Why a Church?


            Our church celebrated the Fifth Anniversary of the building’s dedication on Catholic University Day, November 12, 1916 . It was an auspicious date, since our then pastor, Monsignor Crane, was among the first graduates of newly established Catholic University in Washington, DC. The main celebrant was Right Reverend Thomas Shahan, Rector of the University. Reverend James T. Higgins of Most Blessed Sacrament Parish, a classmate of Monsignor Crane, assisted.

        The sermon described our church construction: “Nine years ago last spring the first spadeful of earth was turned on the site of this magnificent building…month by month afterwards you watched the majestic structure rise, cradled by scaffolding, until the commanding dome was finished and the elaborate furnishing completed, and your church was ready for its dedication…” Today, “the sweet voices of the newly christened bells proclaim to the neighborhood that this is a day of joy for St. Francis de Sales Parish….” Dedicated in October, this was the first time the bells were rung.

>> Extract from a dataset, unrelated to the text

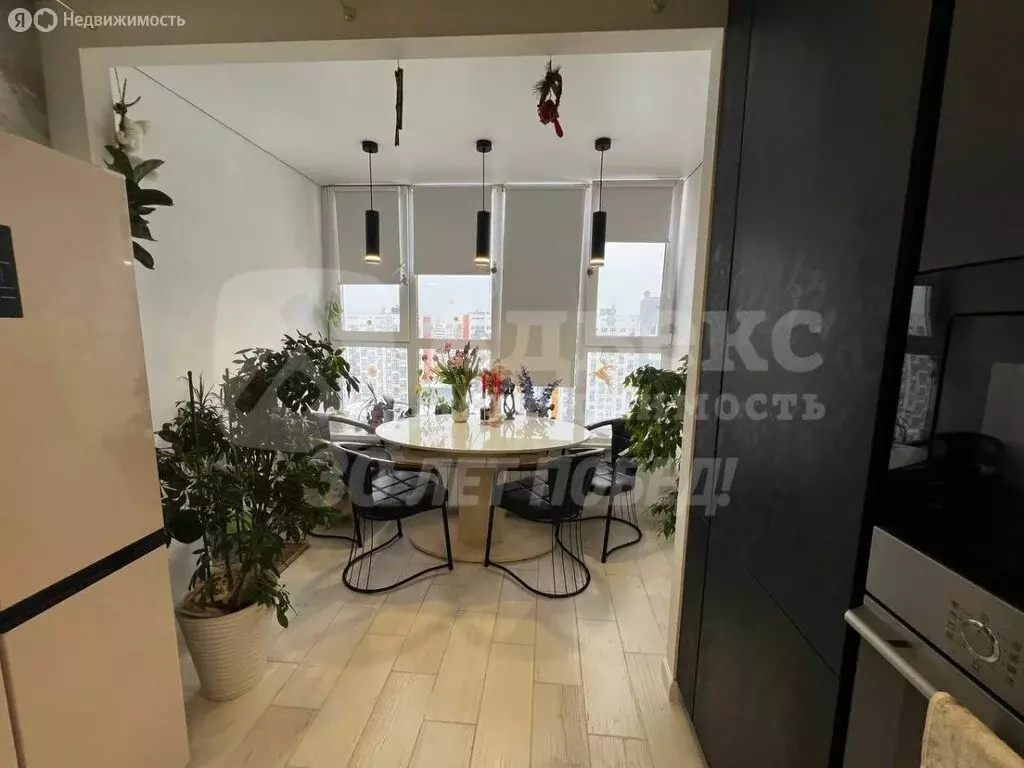 3-комнатная квартира: Тюмень, Заполярная улица, 9 (85 м) - Фото 1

          Addressing the building’s symbolism, the homilist noted that, atop the dome, “ its cross points heavenwards… to belief in God and hope in the world to come…” and  “pierces the clouds of doubt…which come between the soul and the Creator…” Doubt was strong in 1916: “The present is to a great extent the age of the merely natural. Man will believe only what he can see and science is so vastly increasing his vision that he has come to believe that there is no limit to his powers of penetration. The world of spirit, the world of faith, the supernatural, has to prove its reality before man will accept it…” using quantifiable scientific evidence from five senses.

          Our building outlines a sacred space, to be experienced with a different sense: “All the glories of Christian architecture owe their inspiration to a belief…that a church should be a worthy tabernacle of the Blessed Sacrament…It is not an empty monument, but a place “within whose walls the Sacramental Christ is always dwelling;” a space to inspire, refresh, and lift us above the ordinary.

          The five-year anniversary of our building came in the darkness of World War I. A hundred years later, in this new century of unrest, we are still reconciling faith with reason, but science has begun to acknowledge that the more we learn about our universe, the more we realize that we don’t know. Our church is a refuge to reach for that which continues to be beyond our understanding.